From the entries below, print exactly the span beginning with the line holding "Veronica scutellata image" and ending with the line holding "القارئ || هلويست", endpoints included, and skip any pictures.

Segment Start: RECORDS SUPPLIED

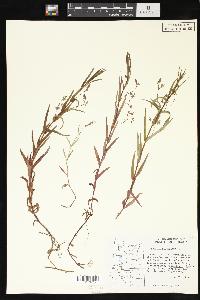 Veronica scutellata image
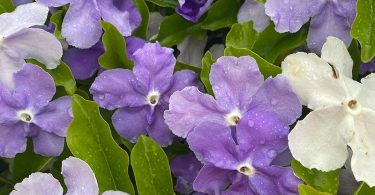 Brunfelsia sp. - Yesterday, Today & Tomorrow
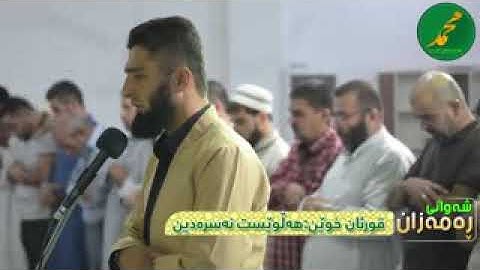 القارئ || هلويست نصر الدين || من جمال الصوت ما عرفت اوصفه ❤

Segment End: RECORDS SUPPLIED
Segment Start: RECORDS SUPPLIED

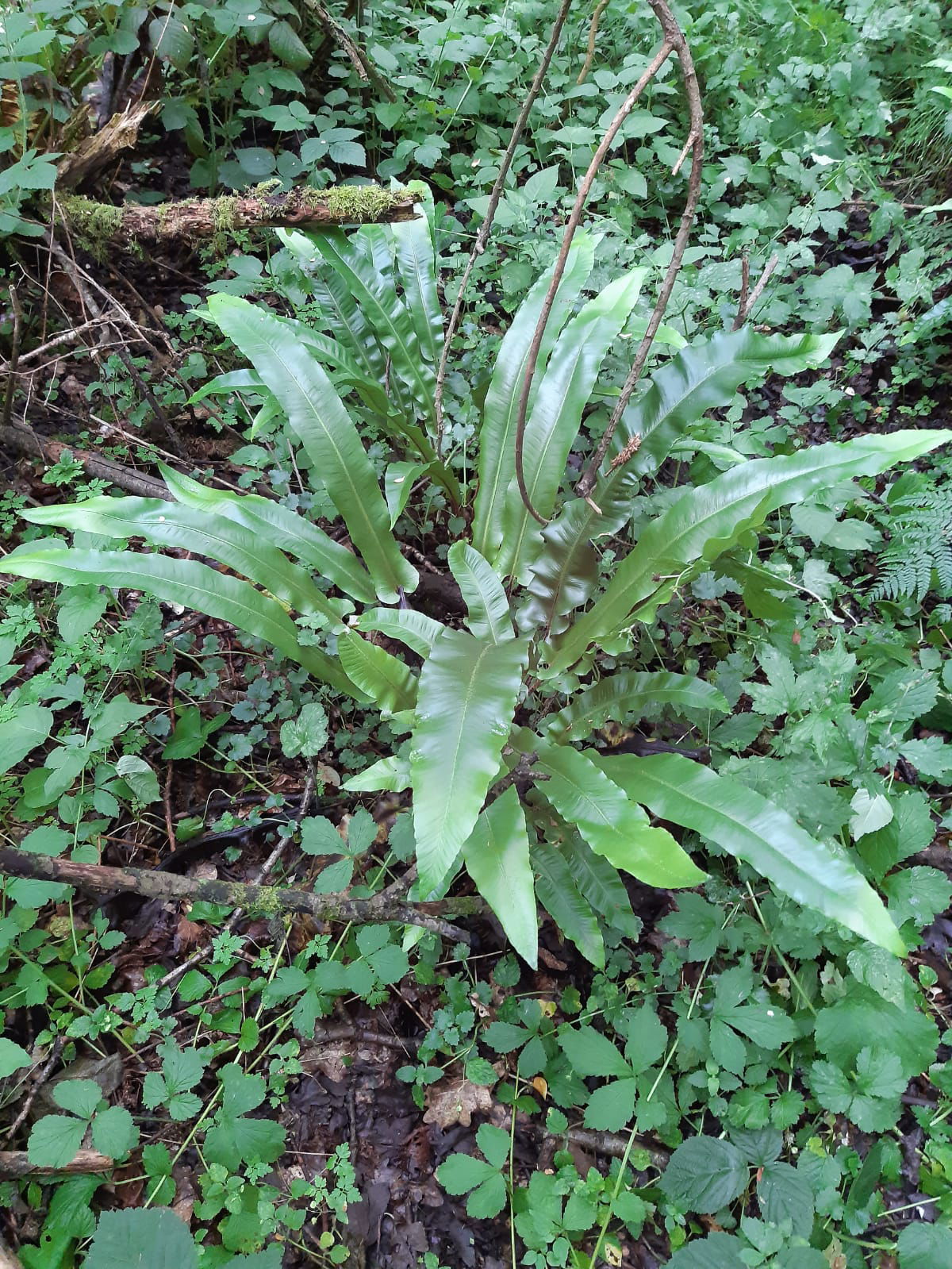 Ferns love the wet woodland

Segment End: RECORDS SUPPLIED

[TASK RESPONSE]
 Veronica scutellata image
 Brunfelsia sp. - Yesterday, Today & Tomorrow
 القارئ || هلويست نصر الدين || من جمال الصوت ما عرفت اوصفه ❤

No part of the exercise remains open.